## WHAT TO PRODUCE
Make an exact copy of all the entries shown below.

Records contained in a dataset:
____________________

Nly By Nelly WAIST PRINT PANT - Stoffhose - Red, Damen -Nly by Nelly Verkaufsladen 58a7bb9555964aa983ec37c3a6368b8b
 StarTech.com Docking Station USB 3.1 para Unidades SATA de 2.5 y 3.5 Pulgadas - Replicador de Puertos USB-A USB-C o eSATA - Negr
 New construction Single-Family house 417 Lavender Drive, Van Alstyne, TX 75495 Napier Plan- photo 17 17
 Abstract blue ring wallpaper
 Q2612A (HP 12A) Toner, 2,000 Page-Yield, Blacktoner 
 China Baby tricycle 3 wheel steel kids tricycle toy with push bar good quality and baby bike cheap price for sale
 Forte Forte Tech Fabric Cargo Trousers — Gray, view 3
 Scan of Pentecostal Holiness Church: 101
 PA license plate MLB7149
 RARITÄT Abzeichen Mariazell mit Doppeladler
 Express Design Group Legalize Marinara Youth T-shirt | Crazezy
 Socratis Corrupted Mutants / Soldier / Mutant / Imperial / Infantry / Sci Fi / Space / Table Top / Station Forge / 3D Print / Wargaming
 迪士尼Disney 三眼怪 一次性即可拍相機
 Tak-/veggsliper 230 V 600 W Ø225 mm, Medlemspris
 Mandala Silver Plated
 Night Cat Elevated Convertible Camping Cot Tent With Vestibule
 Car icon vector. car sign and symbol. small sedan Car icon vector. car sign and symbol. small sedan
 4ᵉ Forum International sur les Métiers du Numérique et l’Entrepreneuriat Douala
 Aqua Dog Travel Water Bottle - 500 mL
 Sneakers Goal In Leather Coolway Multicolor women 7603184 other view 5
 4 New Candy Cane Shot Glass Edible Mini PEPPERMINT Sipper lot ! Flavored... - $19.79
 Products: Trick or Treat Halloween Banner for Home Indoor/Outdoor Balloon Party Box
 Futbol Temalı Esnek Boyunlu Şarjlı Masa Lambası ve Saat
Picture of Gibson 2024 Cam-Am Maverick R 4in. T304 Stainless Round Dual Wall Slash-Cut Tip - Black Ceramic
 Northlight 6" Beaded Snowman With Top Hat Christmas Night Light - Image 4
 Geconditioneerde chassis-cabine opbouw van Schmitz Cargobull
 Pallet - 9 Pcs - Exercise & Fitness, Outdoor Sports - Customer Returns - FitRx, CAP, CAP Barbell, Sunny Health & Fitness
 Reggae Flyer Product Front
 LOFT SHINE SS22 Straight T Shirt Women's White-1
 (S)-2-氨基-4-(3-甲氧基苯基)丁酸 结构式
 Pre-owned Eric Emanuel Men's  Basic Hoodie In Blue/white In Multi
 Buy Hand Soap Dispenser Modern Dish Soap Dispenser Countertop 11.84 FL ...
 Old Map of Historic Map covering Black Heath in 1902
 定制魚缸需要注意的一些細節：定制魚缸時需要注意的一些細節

____________________

## WRITTEN SOLUTION
Nly By Nelly WAIST PRINT PANT - Stoffhose - Red, Damen -Nly by Nelly Verkaufsladen 58a7bb9555964aa983ec37c3a6368b8b
 StarTech.com Docking Station USB 3.1 para Unidades SATA de 2.5 y 3.5 Pulgadas - Replicador de Puertos USB-A USB-C o eSATA - Negr
 New construction Single-Family house 417 Lavender Drive, Van Alstyne, TX 75495 Napier Plan- photo 17 17
 Abstract blue ring wallpaper
 Q2612A (HP 12A) Toner, 2,000 Page-Yield, Blacktoner 
 China Baby tricycle 3 wheel steel kids tricycle toy with push bar good quality and baby bike cheap price for sale
 Forte Forte Tech Fabric Cargo Trousers — Gray, view 3
 Scan of Pentecostal Holiness Church: 101
 PA license plate MLB7149
 RARITÄT Abzeichen Mariazell mit Doppeladler
 Express Design Group Legalize Marinara Youth T-shirt | Crazezy
 Socratis Corrupted Mutants / Soldier / Mutant / Imperial / Infantry / Sci Fi / Space / Table Top / Station Forge / 3D Print / Wargaming
 迪士尼Disney 三眼怪 一次性即可拍相機
 Tak-/veggsliper 230 V 600 W Ø225 mm, Medlemspris
 Mandala Silver Plated
 Night Cat Elevated Convertible Camping Cot Tent With Vestibule
 Car icon vector. car sign and symbol. small sedan Car icon vector. car sign and symbol. small sedan
 4ᵉ Forum International sur les Métiers du Numérique et l’Entrepreneuriat Douala
 Aqua Dog Travel Water Bottle - 500 mL
 Sneakers Goal In Leather Coolway Multicolor women 7603184 other view 5
 4 New Candy Cane Shot Glass Edible Mini PEPPERMINT Sipper lot ! Flavored... - $19.79
 Products: Trick or Treat Halloween Banner for Home Indoor/Outdoor Balloon Party Box
 Futbol Temalı Esnek Boyunlu Şarjlı Masa Lambası ve Saat
Picture of Gibson 2024 Cam-Am Maverick R 4in. T304 Stainless Round Dual Wall Slash-Cut Tip - Black Ceramic
 Northlight 6" Beaded Snowman With Top Hat Christmas Night Light - Image 4
 Geconditioneerde chassis-cabine opbouw van Schmitz Cargobull
 Pallet - 9 Pcs - Exercise & Fitness, Outdoor Sports - Customer Returns - FitRx, CAP, CAP Barbell, Sunny Health & Fitness
 Reggae Flyer Product Front
 LOFT SHINE SS22 Straight T Shirt Women's White-1
 (S)-2-氨基-4-(3-甲氧基苯基)丁酸 结构式
 Pre-owned Eric Emanuel Men's  Basic Hoodie In Blue/white In Multi
 Buy Hand Soap Dispenser Modern Dish Soap Dispenser Countertop 11.84 FL ...
 Old Map of Historic Map covering Black Heath in 1902
 定制魚缸需要注意的一些細節：定制魚缸時需要注意的一些細節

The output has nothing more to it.